(Collected data)

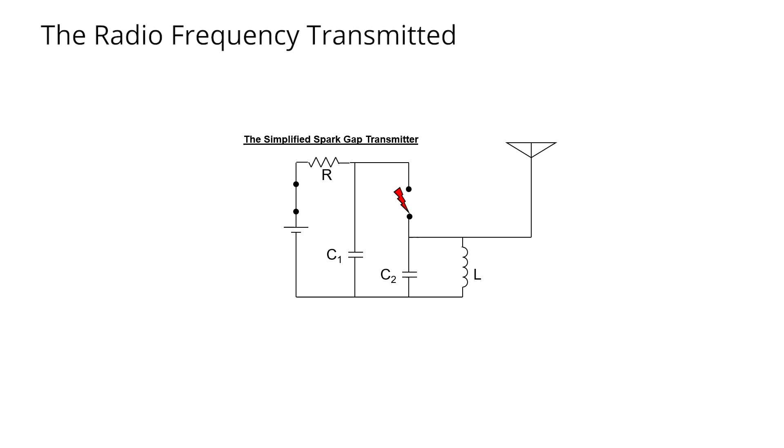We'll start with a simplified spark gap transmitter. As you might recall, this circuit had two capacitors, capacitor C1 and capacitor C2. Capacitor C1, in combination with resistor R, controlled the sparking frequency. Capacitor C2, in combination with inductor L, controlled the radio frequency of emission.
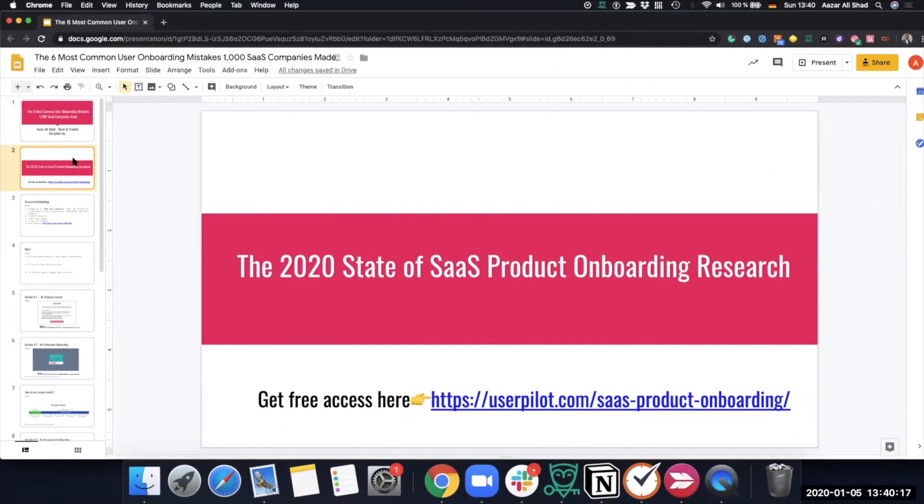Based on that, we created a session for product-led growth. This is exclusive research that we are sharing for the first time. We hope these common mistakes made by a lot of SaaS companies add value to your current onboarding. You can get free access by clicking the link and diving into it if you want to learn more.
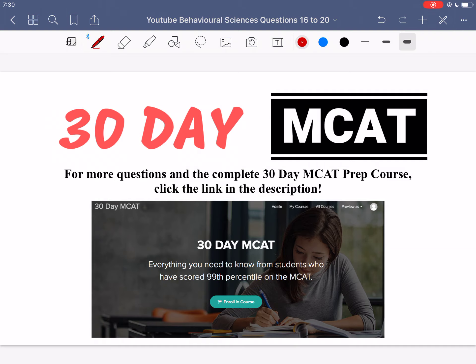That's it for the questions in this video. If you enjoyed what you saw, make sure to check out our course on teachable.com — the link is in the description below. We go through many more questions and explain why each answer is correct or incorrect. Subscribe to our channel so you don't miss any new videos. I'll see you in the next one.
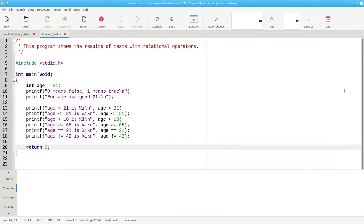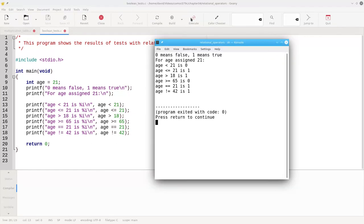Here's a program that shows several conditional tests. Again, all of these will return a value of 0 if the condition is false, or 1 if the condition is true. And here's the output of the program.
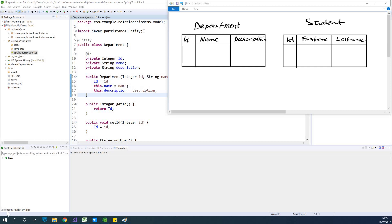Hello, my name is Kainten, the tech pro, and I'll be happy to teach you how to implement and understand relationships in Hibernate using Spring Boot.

■ **Task directions**:
Here the job is to retype exactly the lines that start at the one containing "That's it for" and run through the end of the records above, leaving out pictures.

■ **Response area**:
That's it for the questions in this video. If you enjoyed what you saw, make sure to check out our course on teachable.com — the link is in the description below. We go through many more questions and explain why each answer is correct or incorrect. Subscribe to our channel so you don't miss any new videos. I'll see you in the next one.
Here's a program that shows several conditional tests. Again, all of these will return a value of 0 if the condition is false, or 1 if the condition is true. And here's the output of the program.
Hello, my name is Kainten, the tech pro, and I'll be happy to teach you how to implement and understand relationships in Hibernate using Spring Boot.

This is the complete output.